If the above built-in sharing (device must be in Default compute mode) is not sufficient, you could also try to leverage CUDA MPS to allow independent apps to share the GPU in a less restricted fashion. A writeup is here:

http://stackoverflow.com/questions/34709749/how-do-i-use-nvidia-multi-process-service-mps-to-run-multiple-non-mpi-cuda-app

Perhaps what you are after is restricting an application/process to a particular amount of memory.
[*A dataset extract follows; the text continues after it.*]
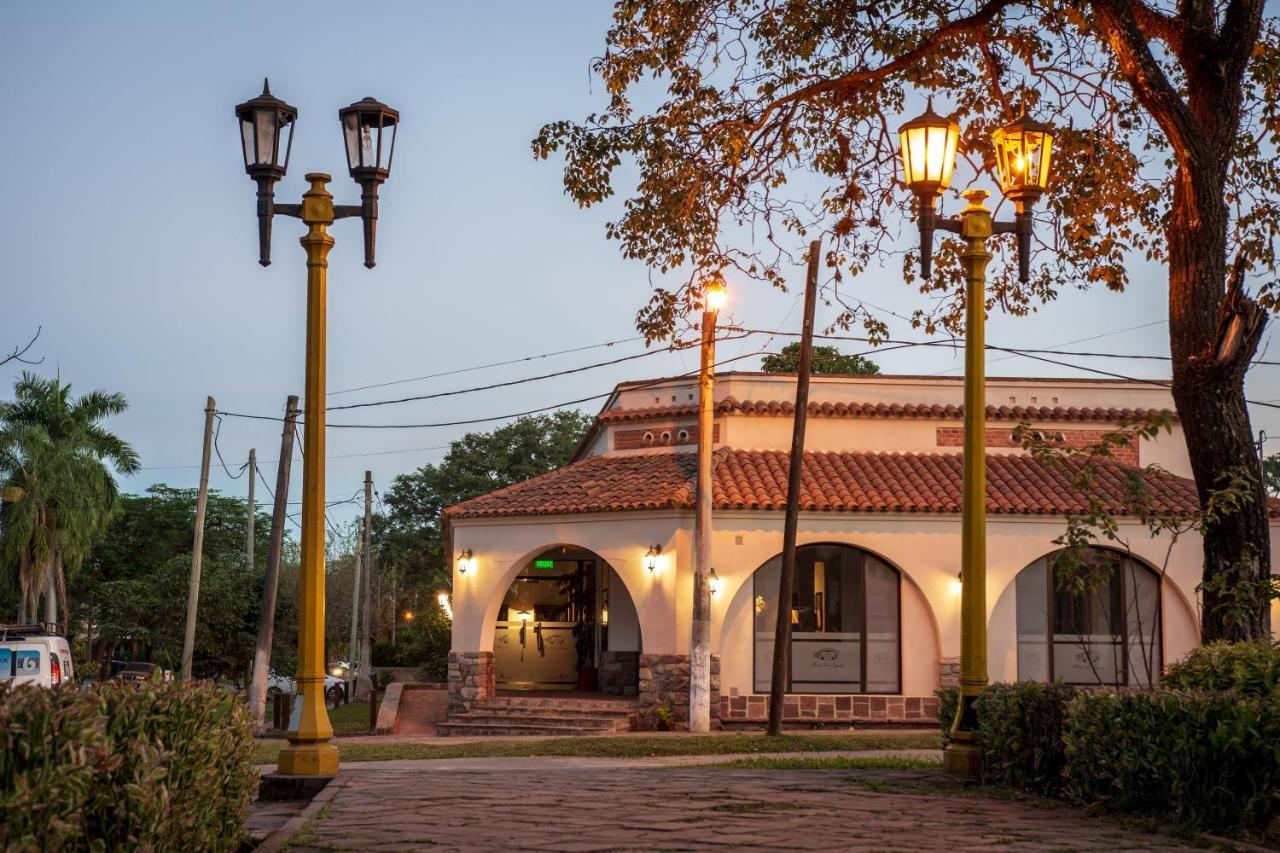 Hotel Del Ingenio Libertador General San Martin Luaran gambar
That is not well provided for using CUDA AFAIK right now, so then hooking the memory allocation routines might be beneficial there.

Hey txbob thanks for the reply!
Yeah I should have clarified, we’re looking to restrict access to a block of global memory for a particular application, something like a “memory slot”. If for example a greedy application tries to allocate all of the available global memory, it would first need make a cudagetDeviceProperties call, which would return a global memory value that is equal to it’s slot size. Then when it tried to allocate memory we’d offset the pointers returned from cudaAlloc to be within the slot’s memory address space.

However all of those “tricks” are moot since we can’t reliably hook onto the cuda runtime API, what would be ideal is if we could globally hook onto any cuda runtime api function call and intercept them before they jump to the method definitions in cudart_static.a.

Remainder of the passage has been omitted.